TR2. Provide consistent way to manage customer facing apps that are container based.
--> We can use Cloud Run (its a managed service so scalablity, HA is built in and taken care by GCP)
TR3. Provide Secure and high performance connection between on prem and gcp cloud.
--> Use Cloud Interconnect to connect onprem and gcp --> We can use Loading Balancer (Unified interface, built in DDOS Support) and CDN for quickly loading static pages. --> We can configure Cloud Armour @ GCP Side for protecting gcp resource from cross site scripting, sql injection, ddos and provision to have allow/deny list. You can see vulnerablities in security command center and also in cloud monitoring dashboard. --> I also suggest to use Apigee API Gateway or cloud run so that front end can consume the apis.
TR4. Provide consistent logging, log retention, monitoring and alerting capabilities.
--> Cloud Logging, Cloud Monitoring and Health checks to be setup
TR5. Maintain and manage multiple container based environments.
--> Anthos can be leveraged to manage multiple container environments.
TR6. Dynamically scale and provision new environments
--> Frontends are deployed in Cloud run and backends in Anthos so scalability is covered. --> For provisioning new environments we can use terraforms scripts to create new environments
TR7. Create interfaces to ingest and process data from new providers. BR1. On-board new insurance providers as quickly as possible.
--> 1. Create backend microservice and deployed in cloudrun and expose it via cloud endpoints. This service to process and ingest data into bigquery db.
--> 2. Create backend microservice and deployed in cloudrun which will be triggered once the data file is uploaded in cloud store or PubSub. Reference : https://cloud.google.com/blog/topics/developers-practitioners/cloud-run-story-serverless-containers https://storage.googleapis.com/gweb-cloudblog-publish/images/Cloud-Run_v4-12-21bookVersion.max-1600x1600.jpeg
BR2. Provide minimum 99.9% availability for all customer facing systems.
--> Frontends are deployed in Cloud run (automatic redundancy is implicitly builtin) so high availability is automatically taken care.

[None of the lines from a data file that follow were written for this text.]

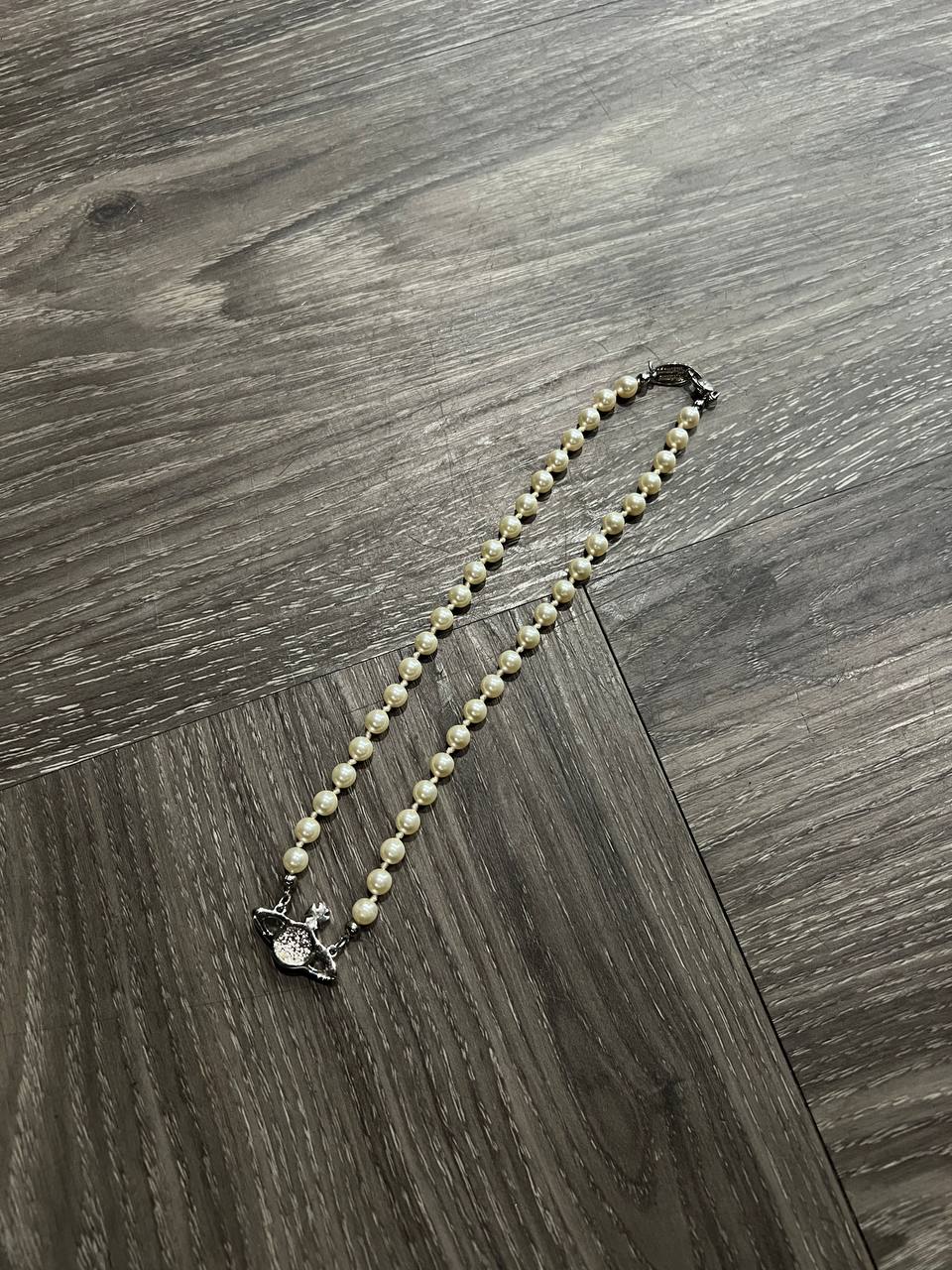 Vivienne Westwood Pearl Bas Relief Choker Necklace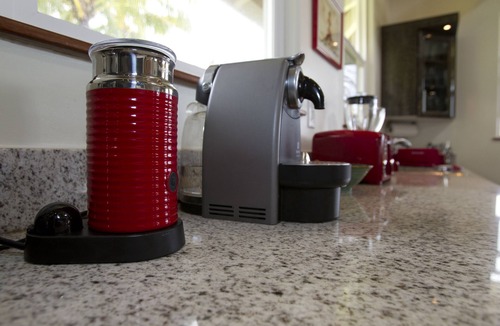 Pauwela House | Private, Luxurious Dream Home with Swimming Pool, Permitted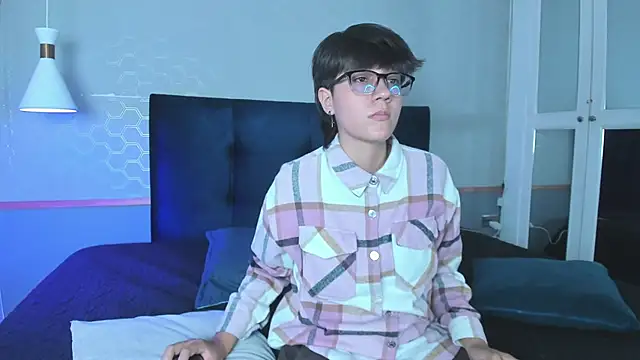 Tsuki Maru online show from September 21, 2025, 7:59 pm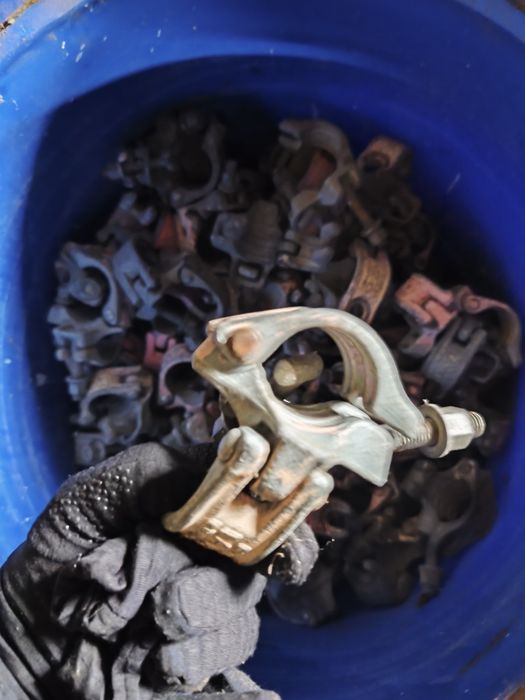 Złącza krzyżowe Lahyer  w większosci  jak nowe do rusztowań rur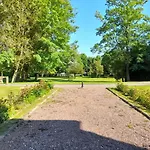 Chateau Des Bosquets
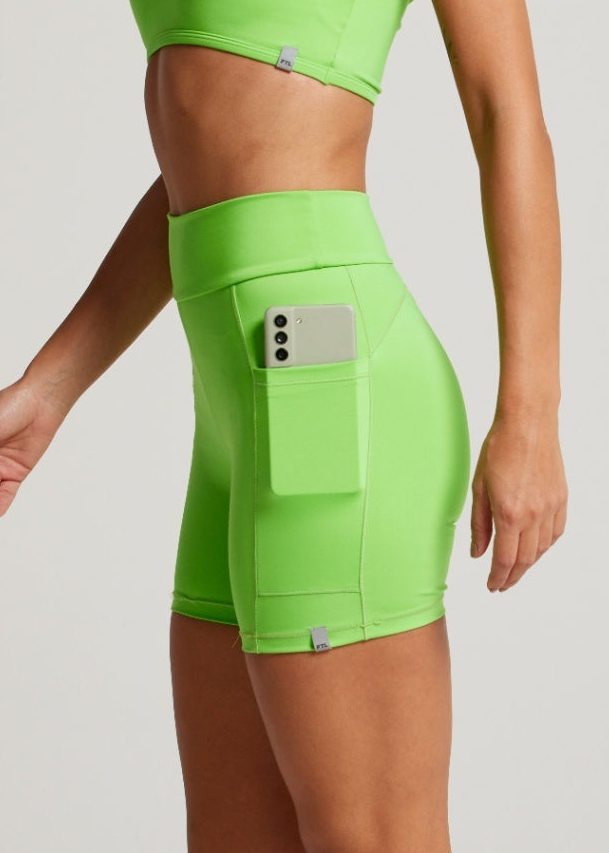 SHORT RUNNER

https://cloud.google.com/blog/topics/developers-practitioners/cloud-run-story-serverless-containers
BR3. Provide centralized visibility and proactive action on system performance and usage. --> Setup Cloud Monitoring to gain visibility into the performance, availability, and health of your applications and infrastructure.
BR4. Increase ability to provide insights into healthcare trends. --> Cloud Monitoring and Cloud Logging can be setup.
BR5. Reduce latency to all customers. --> CDN and Cloud MemoryStore can be setup
BR6. Maintain Regulatory compliance.
BR7. Decrease infra admin cost. --> We can develop IAAS provisioning script written in terraform.
BR8. Make predictions and generate report on industry trends based on provider data. --> For Predictions using ML you can process the data using services like Cloud Datalab, Cloud ML Engine and store the refined data in BigTable/BigQuery.